# Happy Birthday ChristianTrader, jwright82



## PB Moderating Team (Jun 6, 2012)

2 members are celebrating their birthday today:

-ChristianTrader (born 1980, Age: 32)
-jwright82 (born 1982, Age: 30)


Happy Birthday!


----------



## Galatians220 (Jun 6, 2012)

Happy birthday to both of you!


----------



## a mere housewife (Jun 6, 2012)

Happy Birthday Two You.


----------



## jwright82 (Jun 6, 2012)

Thank you two (sorry Heidi, I liked that way of saying it so much I decided to borrow it, you get full credit of course). I can't believe I turned the big '30' today.


----------



## jwright82 (Jun 6, 2012)

Oh yeah, I almost forgot happy birthday ChristianTrader!


----------



## Galatians220 (Jun 6, 2012)

"30" is good!

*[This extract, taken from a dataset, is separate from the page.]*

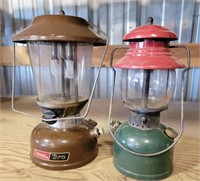 2 - Lanterns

It's very good!!!

(My post got doubled, but hey, there are two of you - and so, it's cool.  )


----------



## OPC'n (Jun 6, 2012)

Happy birthday you two!


----------



## Berean (Jun 6, 2012)

Happy Birthday both of you!


----------



## GulfCoast Presbyterian (Jun 6, 2012)

Happy Birthday to both of you!


----------



## The Calvinist Cop (Jun 6, 2012)

Happy Birthday x2!!


----------



## Jeffriesw (Jun 7, 2012)

Happy Birthday


----------